Starting at the line that contains "NHOF driver Jerry", copy every line to the end of the material below exactly, and omit the pictures.
━━━
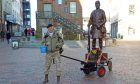 Robin Hood towing cart with wooden sculpture of soldier on board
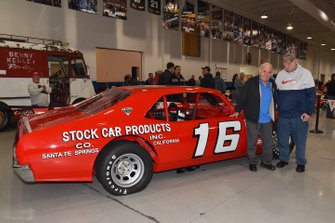 NHOF driver Jerry Cook stands next to Butch Lindley car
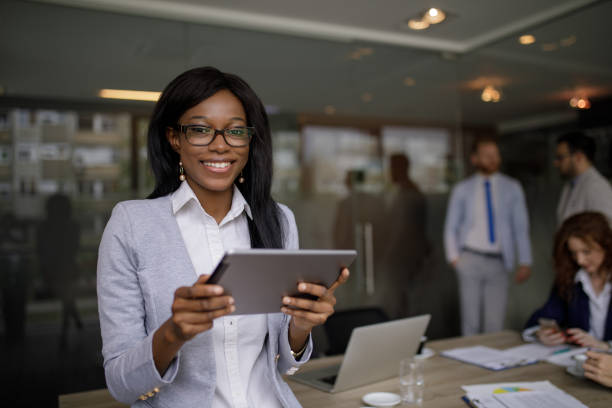 istock Young businesswoman using digital tablet in the office 1202271136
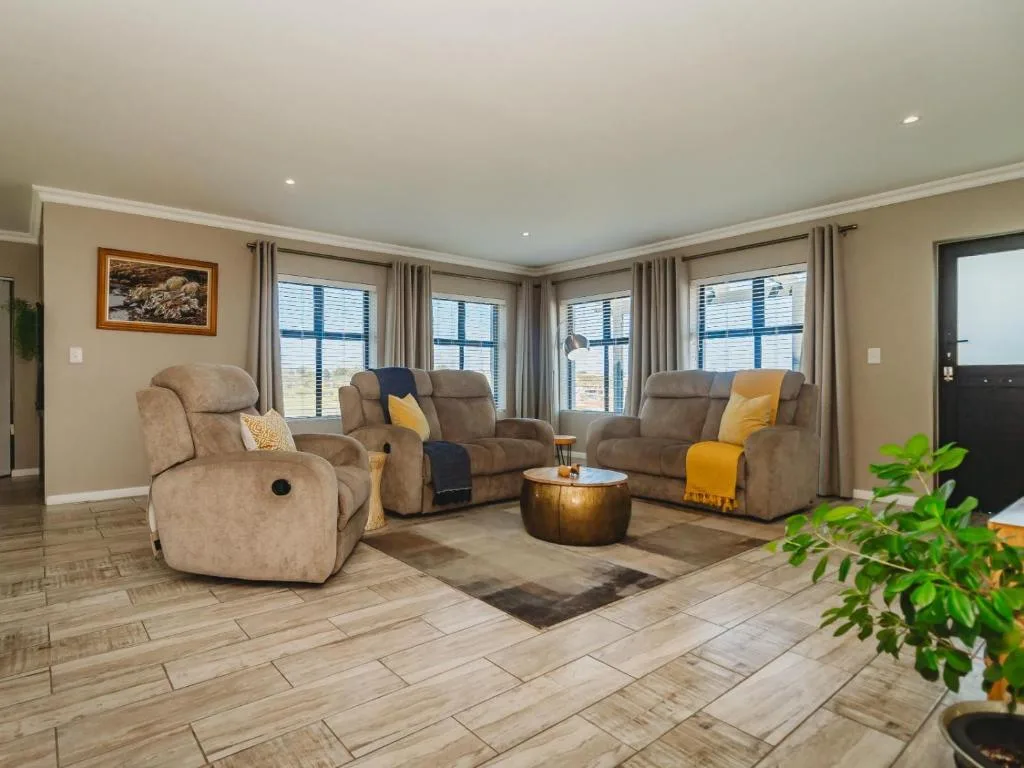 Spacious lounge with reclining chairs, mountain views through large windows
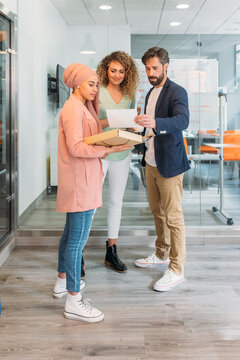 Smiling multiracial coworkers talking during coffee break in office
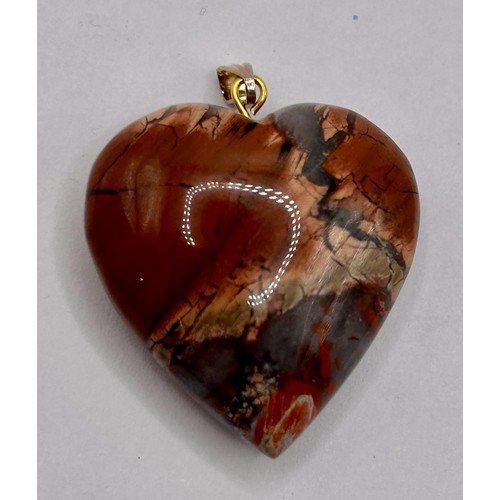 28 - A hardstone pendant, in the form of a heart...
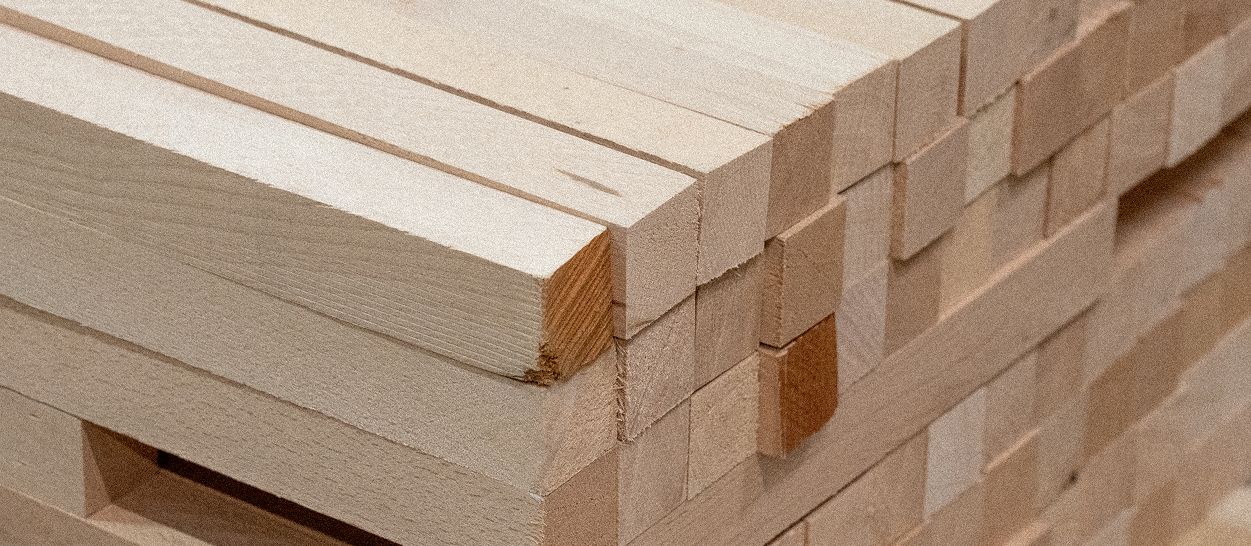 Planches de bois massif empilées en atelier, matière première pour structure de canapé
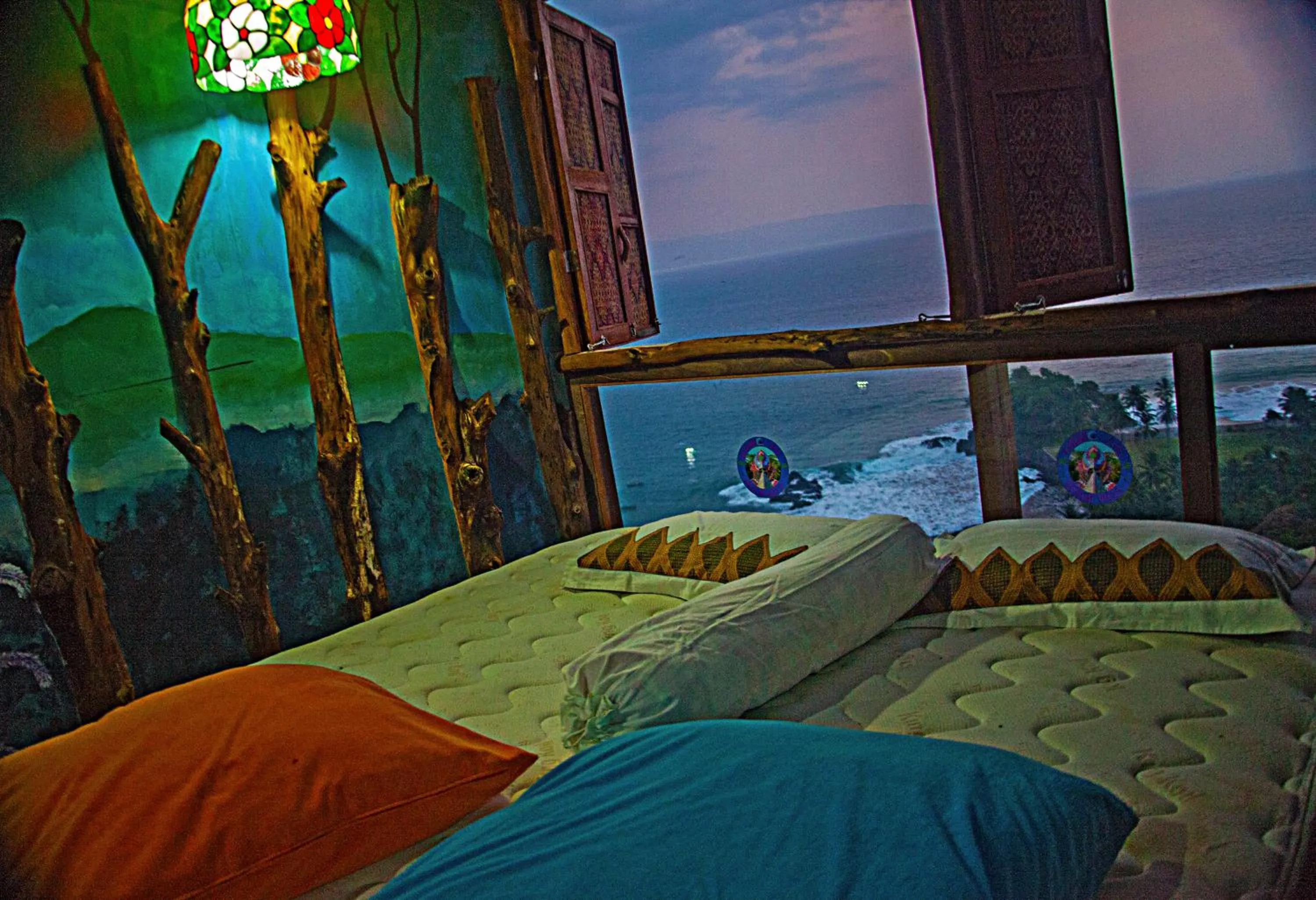 Bed in Karang Aji Beach Villa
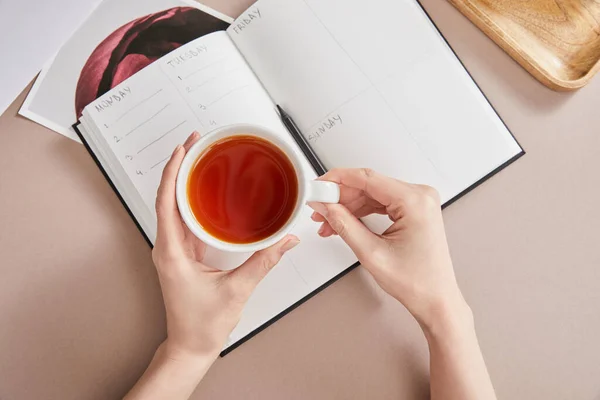 Верхний вид женских рук с чашкой чая возле планировщика с карандашом на бежевой поверхности — стоковое фото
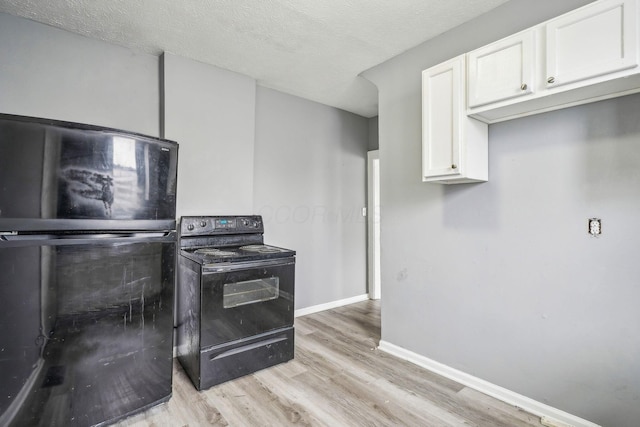 kitchen featuring light wood-type flooring, white cabinets, a textured ceiling, and black appliances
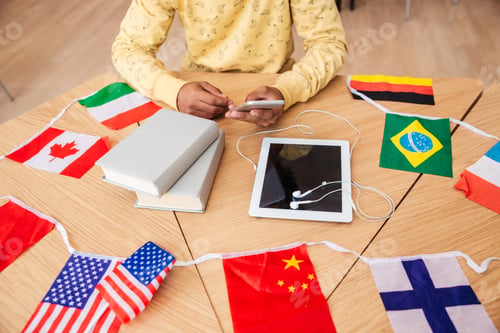 Preview: Closeup Of Man Sitting At The Table With Tablet, Books And Flags Of Countries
━━━
◆ **REPLY**:
 NHOF driver Jerry Cook stands next to Butch Lindley car
 istock Young businesswoman using digital tablet in the office 1202271136
 Spacious lounge with reclining chairs, mountain views through large windows
 Smiling multiracial coworkers talking during coffee break in office
 28 - A hardstone pendant, in the form of a heart...
 Planches de bois massif empilées en atelier, matière première pour structure de canapé
 Bed in Karang Aji Beach Villa
 Верхний вид женских рук с чашкой чая возле планировщика с карандашом на бежевой поверхности — стоковое фото
 kitchen featuring light wood-type flooring, white cabinets, a textured ceiling, and black appliances
 Preview: Closeup Of Man Sitting At The Table With Tablet, Books And Flags Of Countries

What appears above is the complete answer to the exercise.